- **WHAT IS REQUIRED**: Lines from the one with "4-Bedroom Duplex in Maitama for Sale" up to and including the one with "Building Photo - 224 Alamosa Pl" are to be copied exactly from the records below, without their pictures.

- **MATERIAL SUPPLIED**:

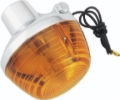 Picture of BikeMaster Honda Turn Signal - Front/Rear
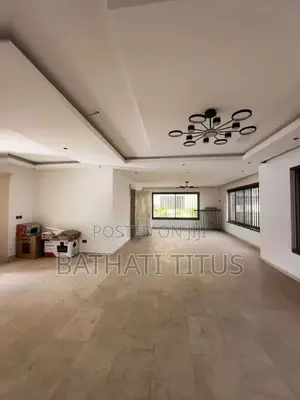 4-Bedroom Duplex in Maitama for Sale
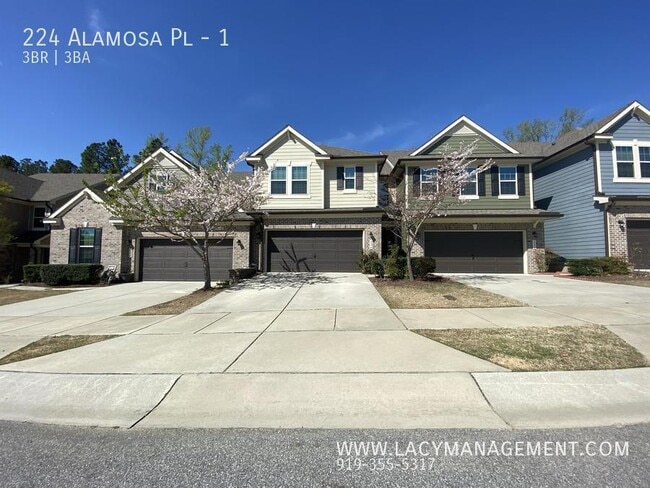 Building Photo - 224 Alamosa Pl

---

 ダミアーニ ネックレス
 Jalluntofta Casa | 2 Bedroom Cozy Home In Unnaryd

- **WRITTEN ANSWER**:
 4-Bedroom Duplex in Maitama for Sale
 Building Photo - 224 Alamosa Pl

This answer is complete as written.